Mint.com is a great tool designed to give you a record of what’s going on in your financial life. Right? Well, sorta.
At Mint.com you create a free account, then you authorize them to connect to all of your financial institutions…at least the ones that are compatible with it. Then, as you transact during the course of a normal day, Mint downloads what it sees at your bank and arranges it in a nice, neat presentation complete with charts and reports and…well, it’s cool…but…
…here’s the but. Mint.com doesn’t do anything to help you plan. Oh sure, there’s a budgeting “tool” that’s nothing more than a group of indicators that notify you when you’ve exceeded what you define as your budgeted amount.

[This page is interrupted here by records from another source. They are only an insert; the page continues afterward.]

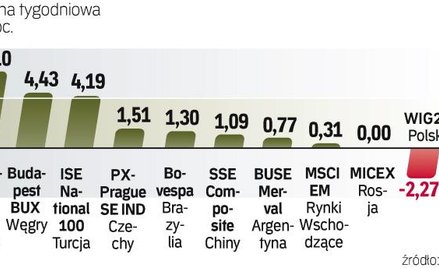 Rok zaczął się dobrze na większości giełd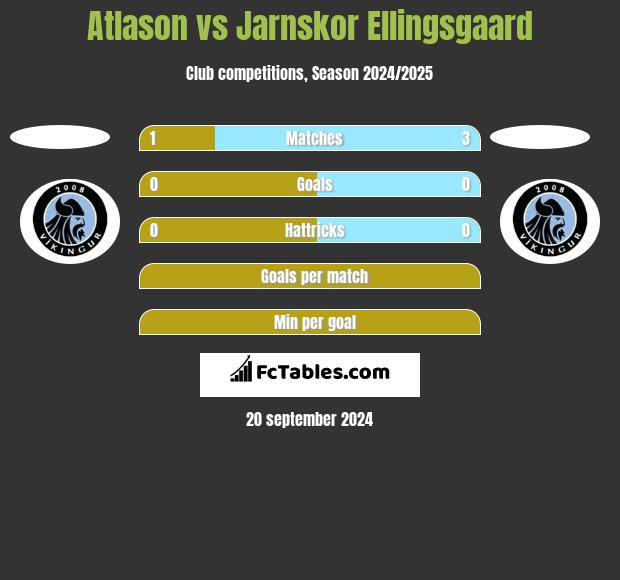 Atlason vs Jarnskor Ellingsgaard h2h player stats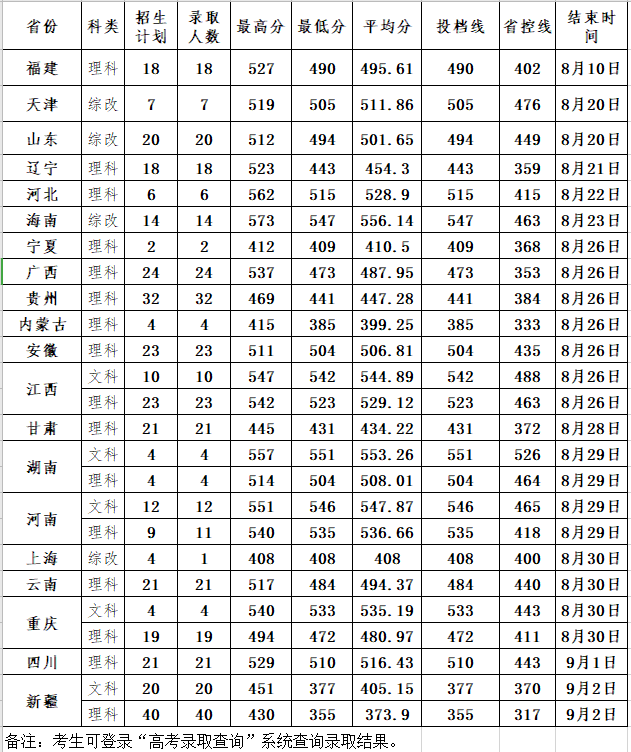 惠州学院是几本_是一本还是二本大学？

(the real problem with budgeting tools is that they assume you already understand the underlying theory behind what a budget really is..a plan, that you create.)

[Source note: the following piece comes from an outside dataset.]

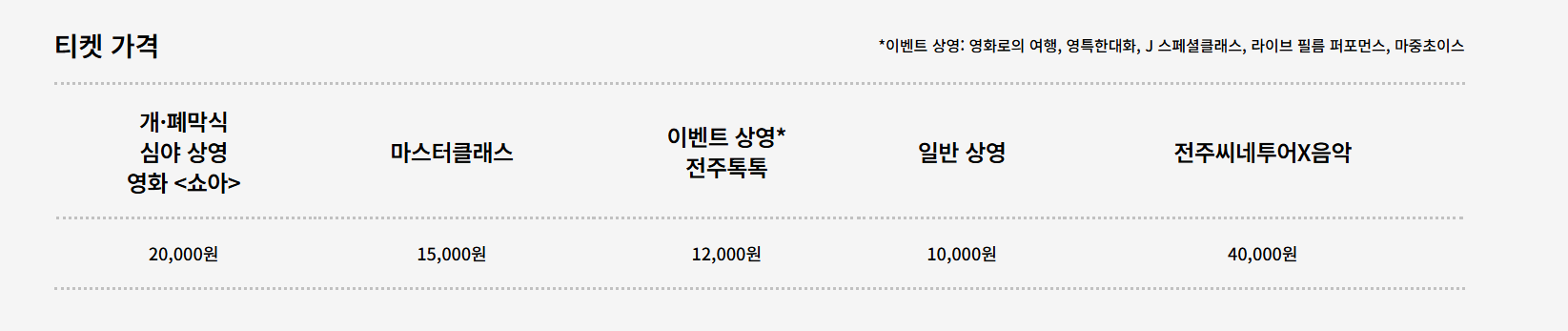 2025 전주국제영화제 예매 정보 이미지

So, if you, like most of the rest of the world, estimate that you spend X on something every given month, then you might set the budget at X and just wait until the software tells you you’ve exceeded your budget. It’s at this point that the lack of discipline is revealed as you breeze right on by the amount you set and just keep on spending.
Back to the point. Mint.com doesn’t do anything to help you plan…no, let’s say… forecast instead. There’s no way to project a future balance based on your current spending plan compared to your balances and your income. It only tells you what you already know. That’s not very valuable to me…but I guess that’s why the “service” is free.